BEGIN Data supplied

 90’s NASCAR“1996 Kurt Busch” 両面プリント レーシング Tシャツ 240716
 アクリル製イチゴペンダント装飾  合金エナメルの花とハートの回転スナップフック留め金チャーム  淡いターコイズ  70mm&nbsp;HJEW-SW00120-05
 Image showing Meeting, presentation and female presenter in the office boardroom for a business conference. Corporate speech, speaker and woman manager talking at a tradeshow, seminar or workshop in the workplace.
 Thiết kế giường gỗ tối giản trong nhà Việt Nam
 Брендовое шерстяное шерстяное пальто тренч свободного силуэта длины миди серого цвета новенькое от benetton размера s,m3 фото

END Data supplied
BEGIN Data supplied

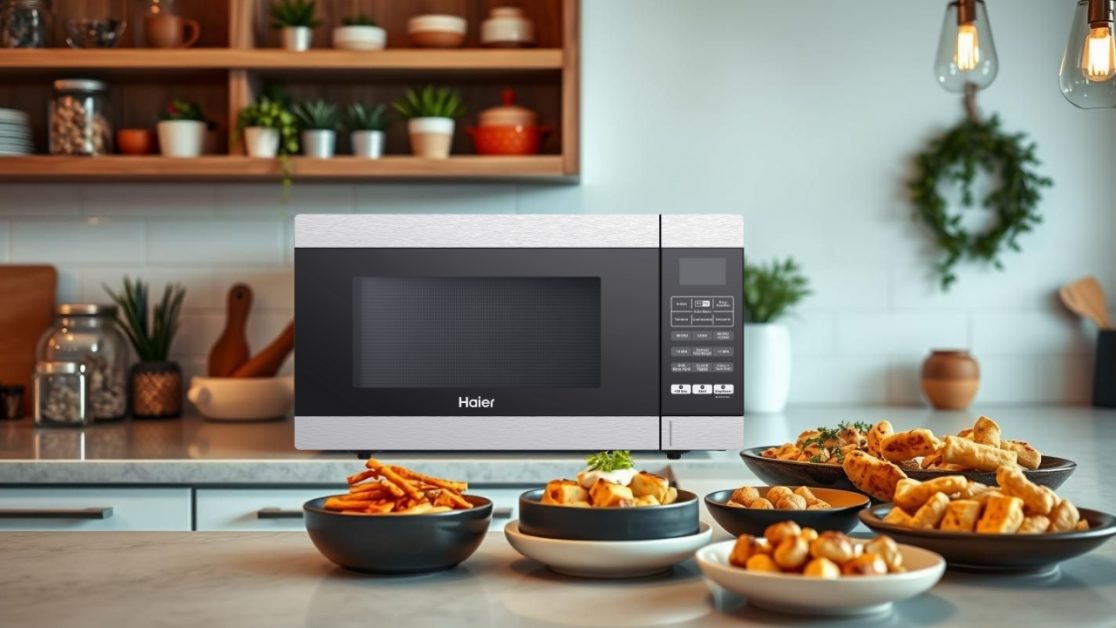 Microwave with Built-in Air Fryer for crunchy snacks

END Data supplied
BEGIN Data supplied

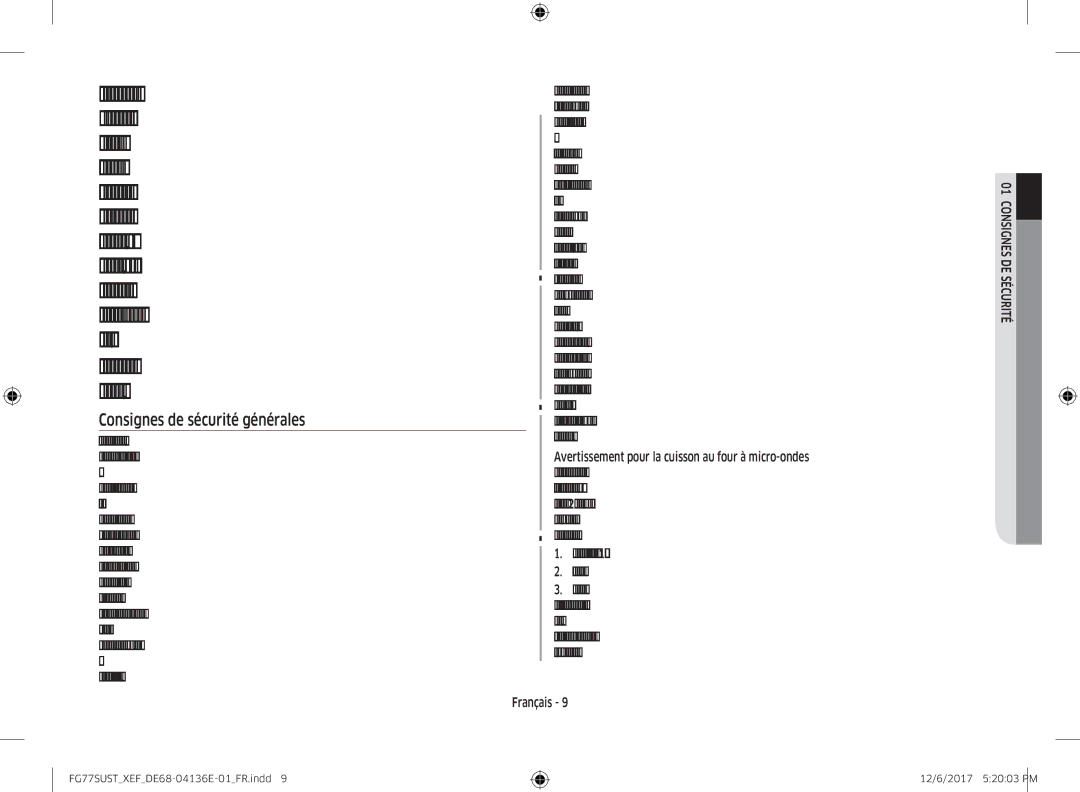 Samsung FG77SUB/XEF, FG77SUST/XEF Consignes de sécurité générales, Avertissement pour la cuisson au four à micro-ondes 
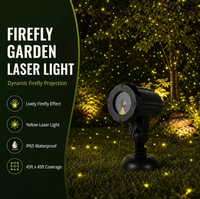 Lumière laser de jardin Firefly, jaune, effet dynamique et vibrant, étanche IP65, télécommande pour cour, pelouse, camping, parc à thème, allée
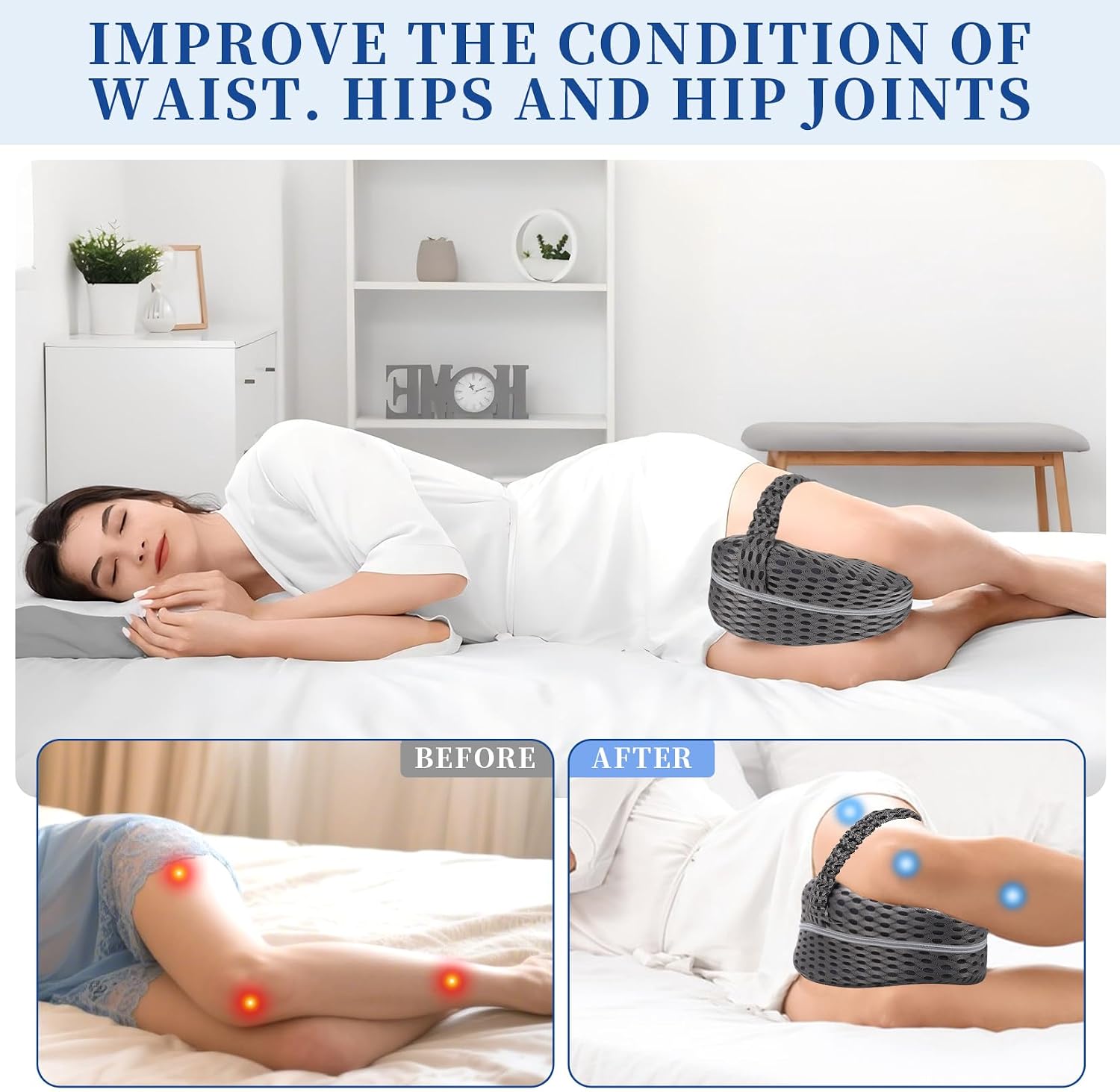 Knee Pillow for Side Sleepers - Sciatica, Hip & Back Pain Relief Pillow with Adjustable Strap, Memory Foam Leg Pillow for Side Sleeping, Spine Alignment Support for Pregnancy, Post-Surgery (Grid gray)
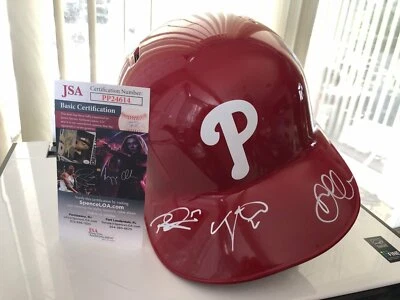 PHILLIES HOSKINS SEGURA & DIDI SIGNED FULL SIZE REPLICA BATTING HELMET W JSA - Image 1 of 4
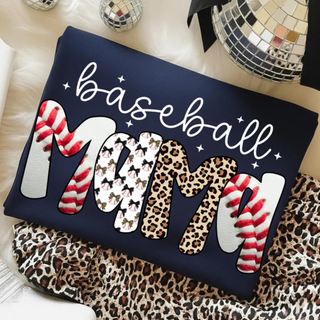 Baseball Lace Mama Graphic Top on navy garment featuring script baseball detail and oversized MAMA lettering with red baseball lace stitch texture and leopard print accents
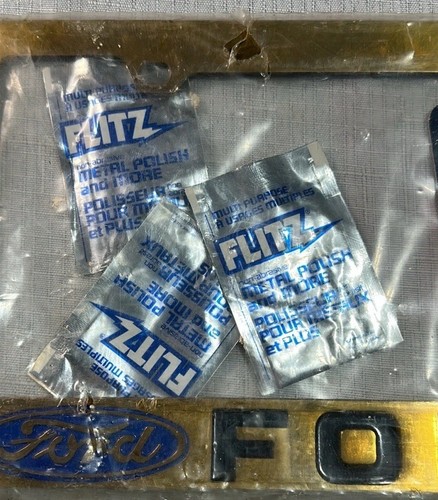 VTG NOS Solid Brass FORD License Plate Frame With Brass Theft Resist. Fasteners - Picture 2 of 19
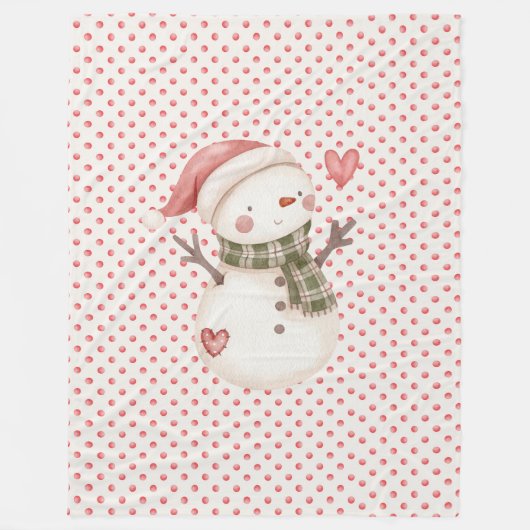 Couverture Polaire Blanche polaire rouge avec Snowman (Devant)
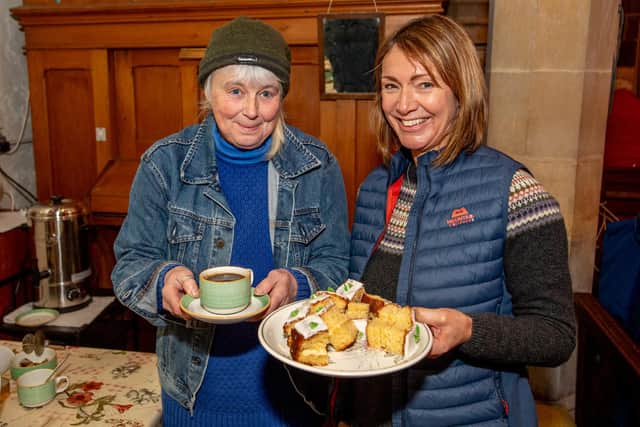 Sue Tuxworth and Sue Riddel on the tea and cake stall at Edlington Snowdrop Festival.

END Data supplied

Work order
Everything from the line with "Baseball Lace Mama" through the line with "Sue Tuxworth and" in the material above should be transcribed exactly, except the pictures.

Exercise response
 Baseball Lace Mama Graphic Top on navy garment featuring script baseball detail and oversized MAMA lettering with red baseball lace stitch texture and leopard print accents
 VTG NOS Solid Brass FORD License Plate Frame With Brass Theft Resist. Fasteners - Picture 2 of 19
 Couverture Polaire Blanche polaire rouge avec Snowman (Devant)
 Sue Tuxworth and Sue Riddel on the tea and cake stall at Edlington Snowdrop Festival.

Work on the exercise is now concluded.